All entries must be repeated exactly. No picture should appear in the result.

** Exercise input follows **

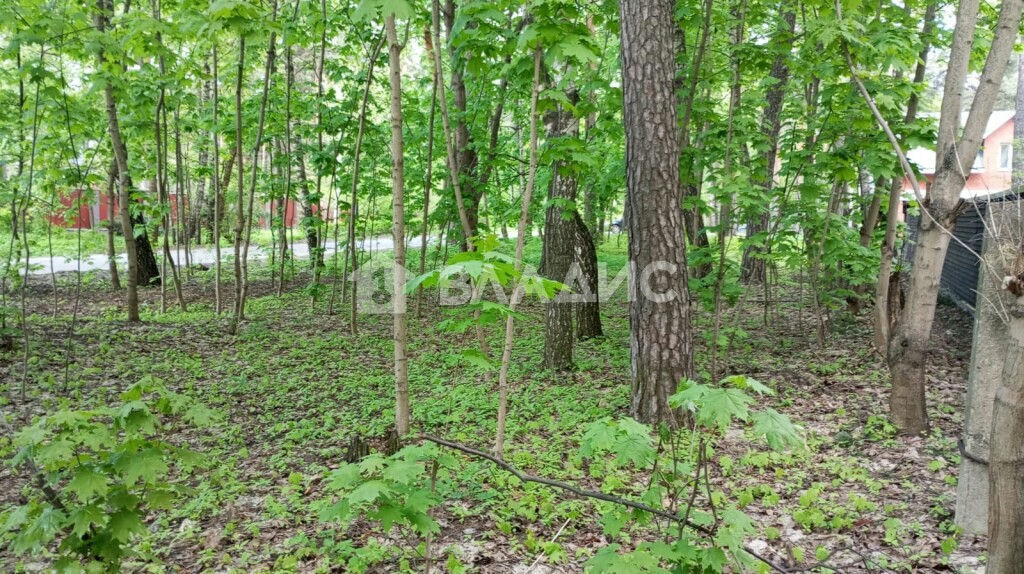 земля городской округ Люберцы рп Малаховка пгт Карла Либкнехта ул фото 8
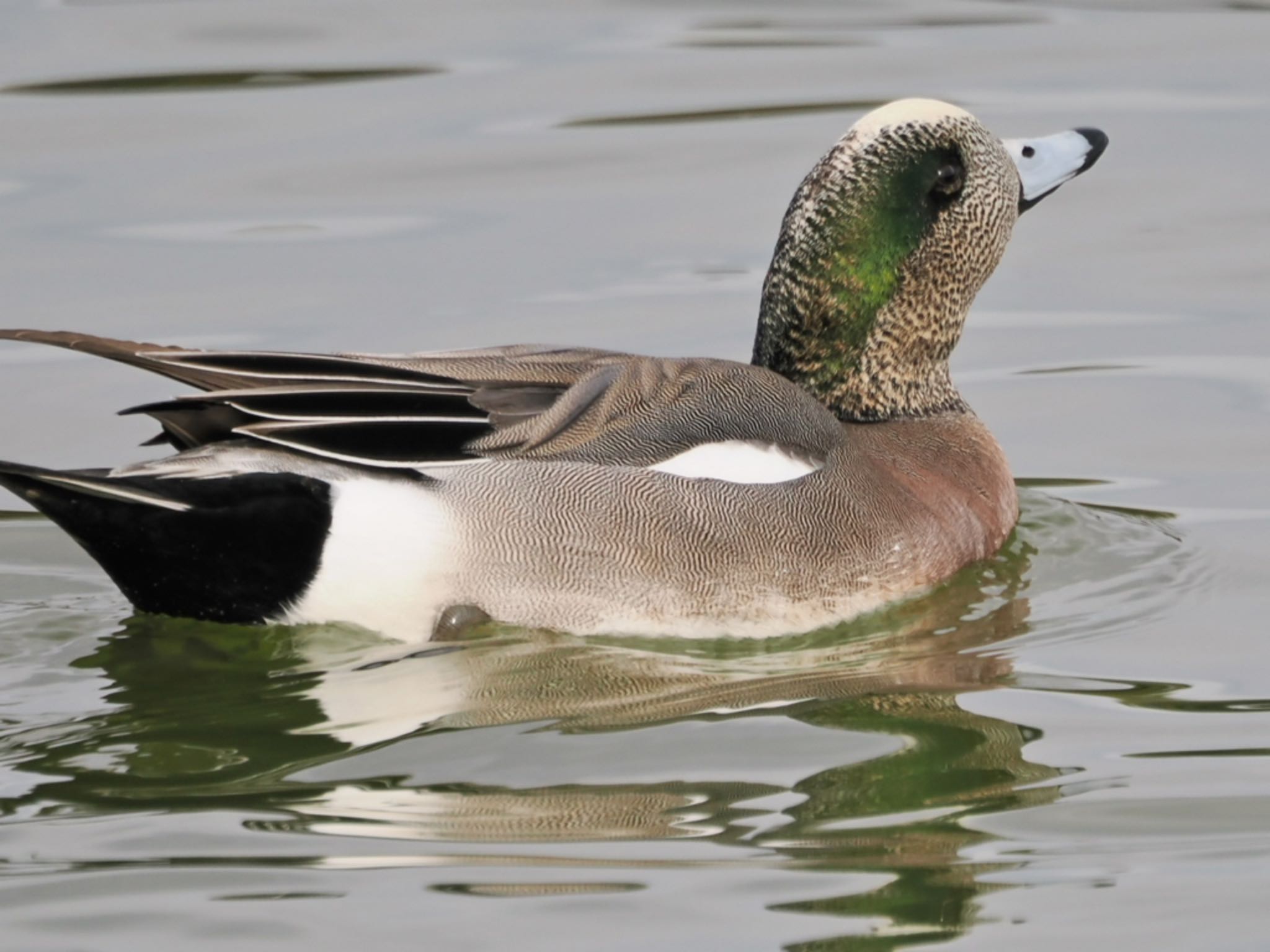 Photo of American Wigeon at Ukima Park by Q-chan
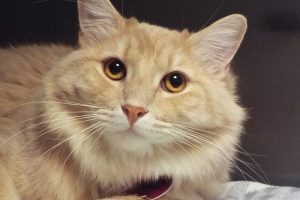 Picture of Custard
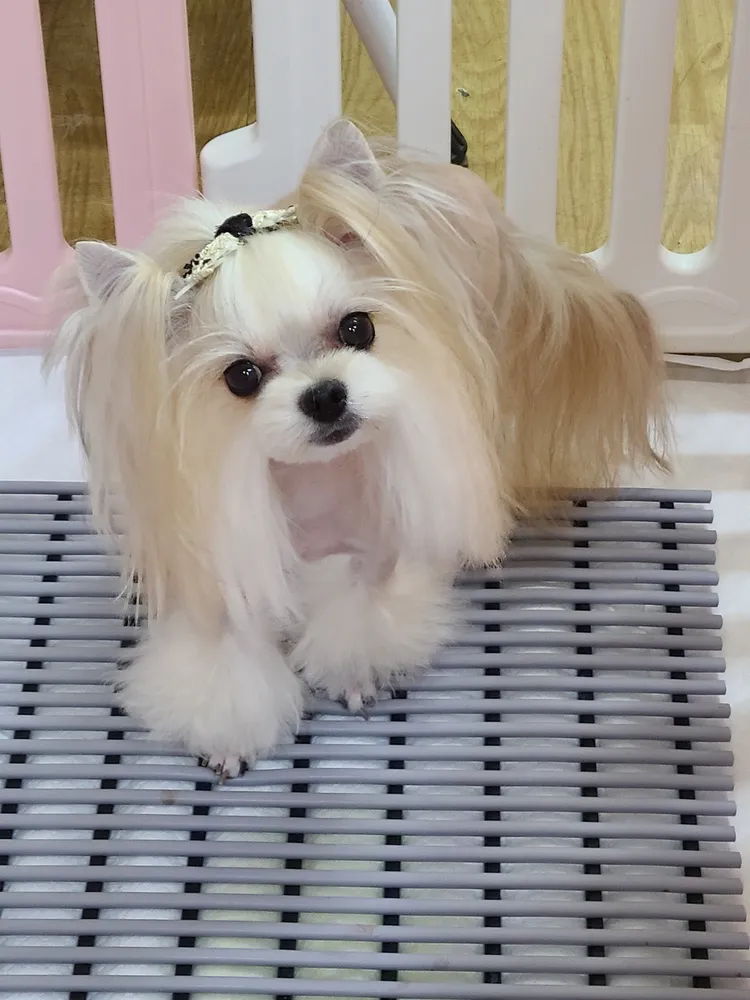 하얀강아지 대표 이미지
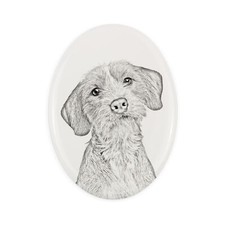 Basset Fauve de Bretagne une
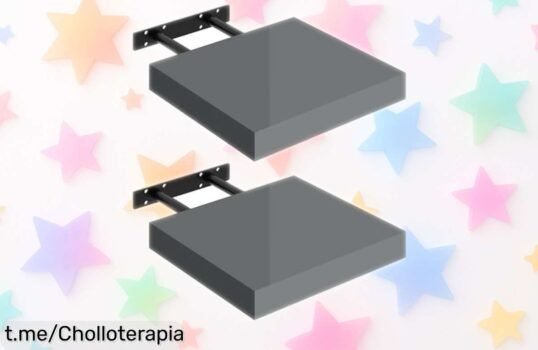 Descubre la estantería flotante de pared WOLTU, el penúltimo grito en orden y elegancia con fijación oculta: ¡aprovéchala al precio de ganga que no se repetirá!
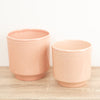 Clover Pot | Dotted Pink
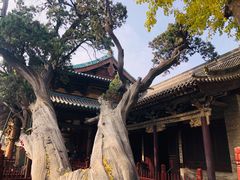 -晋祠公园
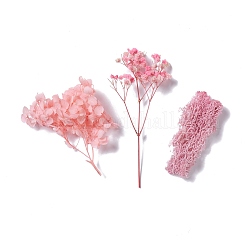 Dried Flowers&nbsp;X-DIY-D052-05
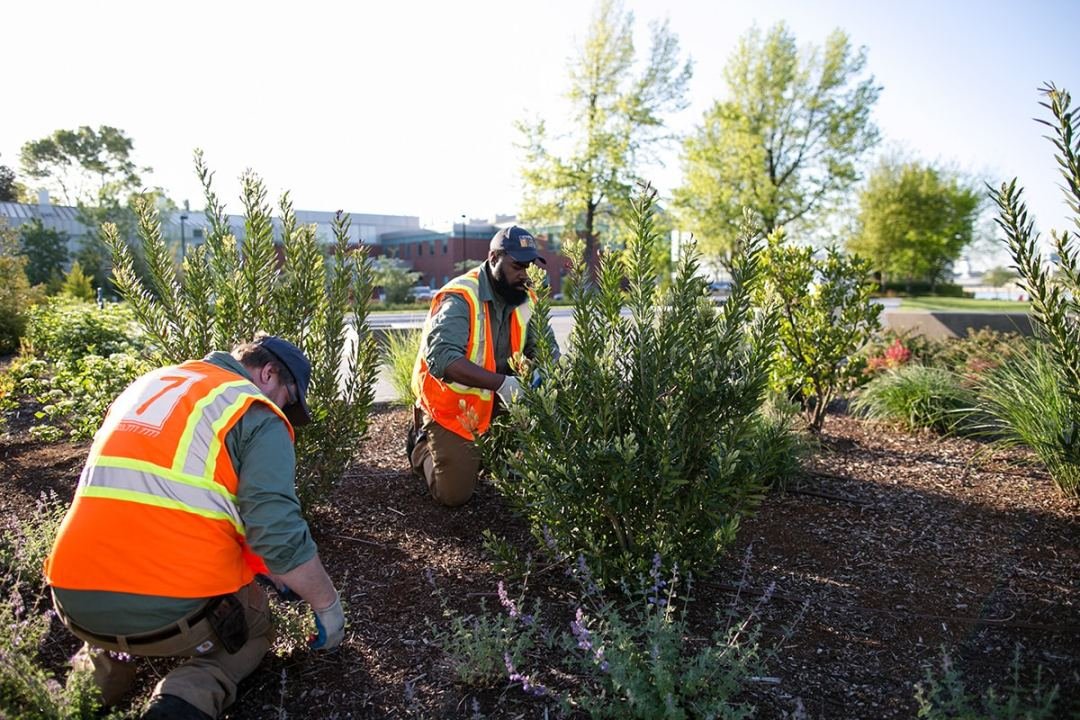 two landscape workers taking care of plants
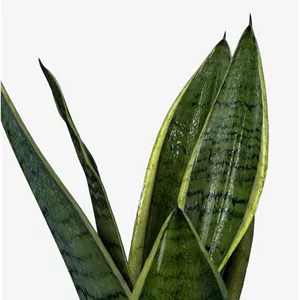 سانسوریا سیلور گلد کراواتی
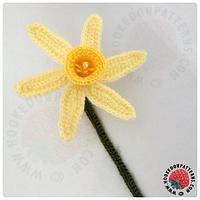 Spring Daffodils 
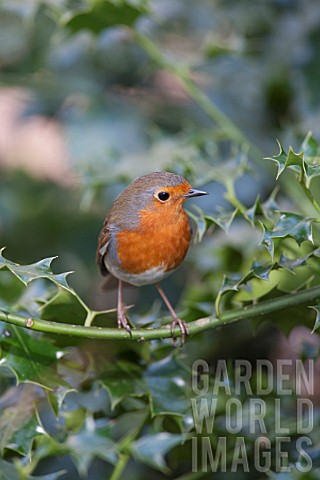 ROBIN_PERCHED_IN_HOLLY_TREE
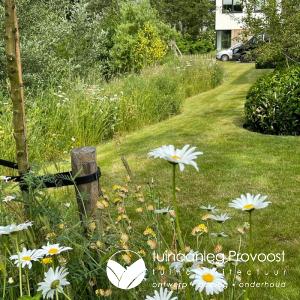 een verdoken inkom in de tuin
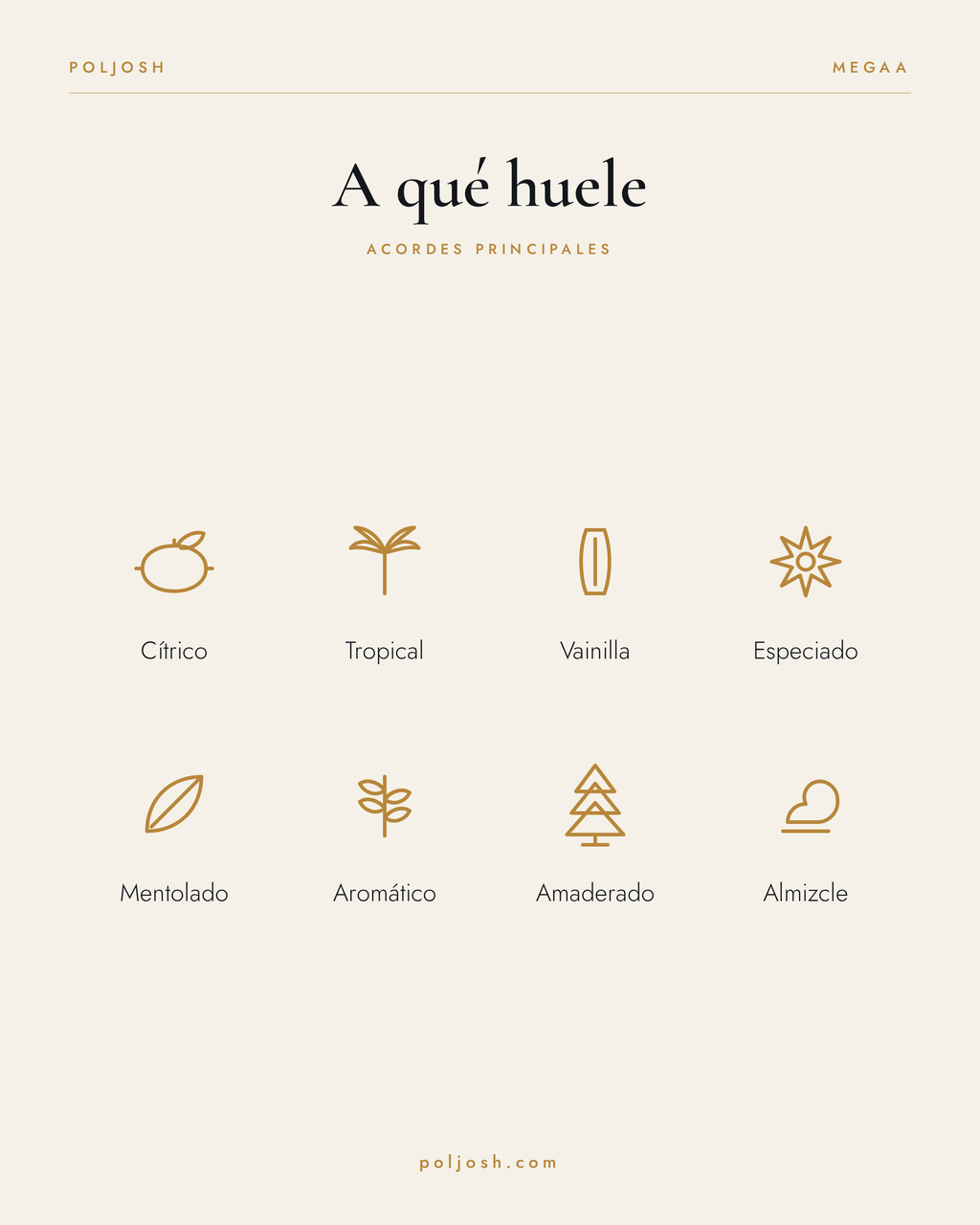 Megaa — acordes principales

** End of Exercise input **

= Answer box =
 земля городской округ Люберцы рп Малаховка пгт Карла Либкнехта ул фото 8
 Photo of American Wigeon at Ukima Park by Q-chan
 Picture of Custard
 하얀강아지 대표 이미지
 Basset Fauve de Bretagne une
 Descubre la estantería flotante de pared WOLTU, el penúltimo grito en orden y elegancia con fijación oculta: ¡aprovéchala al precio de ganga que no se repetirá!
 Clover Pot | Dotted Pink
 -晋祠公园
 Dried Flowers&nbsp;X-DIY-D052-05
 two landscape workers taking care of plants
 سانسوریا سیلور گلد کراواتی
 Spring Daffodils 
 ROBIN_PERCHED_IN_HOLLY_TREE
 een verdoken inkom in de tuin
 Megaa — acordes principales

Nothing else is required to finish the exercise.